The Rev. Sandra Levy, priest associate at St. John's, Richmond, offers an interesting look at the role of imagination in our relationship with God in her new book, Imagination and the Journey of Faith. Ms. Levy's basic premise, drawn from the work of William James, Samuel Taylor Coleridge and others, is that imagination is a gateway between God and human beings. What Ms. Levy means by imagination is "the inherent human power to transcend the concrete, to create new images or ideas that can open up new possibility and promise," and she contends that this creative power of imagination "lies at the heart of all religious experience."

The gate of imagination swings both ways: we both reach out to God and God reaches out to us in our imagination. It creates a kind of circle as we use God's gift of imagination to create symbols, ritual and art reflecting the glimpses we have seen of the divine, even as God reaches back into our imaginations through such symbols ritual and art. Ms. Levy writes that God actually "intrudes ... on the imaginative capacity, opening up and revealing the deepest truths of our lives." This circle of imagination is a complex notion that Ms. Levy helpfully reiterates many times throughout the book, with examples and metaphors to help the reader grasp her point.

Ms. Levy believes that we all have the impulse to seek God, and the failure of so many in our postmodern, skeptical society to explore the deep questions of existence and embark on the journey of faith is really a failure of imagination — an atrophied connection with what "may be." Central to faith is an ability to imagine our lives redeemed, to imagine that whatever mess we may be in now, we will not be there forever. We live in the Saturday world between Good Friday and Easter, and reconciling our current condition with meaning and hope requires some imagination. Ms. Levy writes that the power of the imagination "allows us to deal with the paradoxes and contradictions that surround us, helping us to grasp a deeper truth beneath them."

Ms. Levy breaks the book into two sections, the first dealing with places to meet God in our imagination through ritual, poetry, visual art and narrative form. She provides examples of paintings, poems, novels, Bible stories, plays and films to walk the reader through the connection between art and imagination — particularly the way metaphors and symbols can prick our imaginations for connections in our past or hopes for our future, sometimes transforming us.

Ms. Levy contends that like other virtues, imagination can be "strengthened through practice," and the second section of her book concerns exercises in the home, church and community to develop our imaginations. Childhood is the most crucial time for development of the imagination, and Ms. Levy gives excellent examples and resources to be used in the home and in church to foster children's imaginations.  For Ms. Levy, Godly Play seems to be the ideal program for developing in children an imaginative engagement with God.

Ms. Levy also provides resources for adults who wish to expand their imaginations in this direction. She especially recommends Ignatian prayer, which "specifically utilizes our imaginative capacity as the center of spiritual transformation."
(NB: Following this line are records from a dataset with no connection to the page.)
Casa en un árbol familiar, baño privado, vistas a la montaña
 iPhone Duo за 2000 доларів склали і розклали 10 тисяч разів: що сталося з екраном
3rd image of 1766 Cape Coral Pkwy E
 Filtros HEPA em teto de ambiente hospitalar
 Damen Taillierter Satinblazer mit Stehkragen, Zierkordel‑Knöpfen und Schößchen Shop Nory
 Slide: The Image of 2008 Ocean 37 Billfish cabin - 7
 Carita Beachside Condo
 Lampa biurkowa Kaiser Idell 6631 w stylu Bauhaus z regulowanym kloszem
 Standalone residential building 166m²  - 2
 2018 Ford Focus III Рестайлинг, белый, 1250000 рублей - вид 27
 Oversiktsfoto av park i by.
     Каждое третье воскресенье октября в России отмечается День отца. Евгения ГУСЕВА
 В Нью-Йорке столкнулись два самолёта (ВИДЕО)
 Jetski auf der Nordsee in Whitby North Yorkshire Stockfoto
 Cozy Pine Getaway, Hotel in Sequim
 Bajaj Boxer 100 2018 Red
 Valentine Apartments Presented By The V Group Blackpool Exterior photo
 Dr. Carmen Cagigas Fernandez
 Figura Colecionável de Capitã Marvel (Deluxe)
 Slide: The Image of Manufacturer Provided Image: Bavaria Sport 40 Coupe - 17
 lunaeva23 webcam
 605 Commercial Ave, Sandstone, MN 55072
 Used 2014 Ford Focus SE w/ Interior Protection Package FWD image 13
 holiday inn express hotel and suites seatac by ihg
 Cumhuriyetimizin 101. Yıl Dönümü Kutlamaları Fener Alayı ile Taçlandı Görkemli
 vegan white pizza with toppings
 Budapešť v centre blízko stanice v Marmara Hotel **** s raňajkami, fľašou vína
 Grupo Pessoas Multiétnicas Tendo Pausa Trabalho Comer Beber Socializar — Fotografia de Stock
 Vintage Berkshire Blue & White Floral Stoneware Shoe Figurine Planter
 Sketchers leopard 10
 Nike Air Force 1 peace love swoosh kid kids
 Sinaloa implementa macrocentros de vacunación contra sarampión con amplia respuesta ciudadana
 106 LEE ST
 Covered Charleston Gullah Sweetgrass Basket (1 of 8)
Likewise, the practice of having a "soul friend" is helpful in strengthening the imaginative power of narrative as we share our life stories with one another — transforming our lives into "good" stories through recognition of God at work. She picks up this telling of our life stories again in the conclusion of the book as a practice to counteract the individualism and skepticism of our postmodern society, refreshing our imaginations and reawakening us to God's presence in our lives.

For anyone seeking to cultivate the imagination as a place of encounters with God, Ms. Levy's book is an excellent beginning. Her suggested readings and resources provide an engaging curriculum for developing this often neglected aspect of our spiritual lives, helping us become more receptive to God.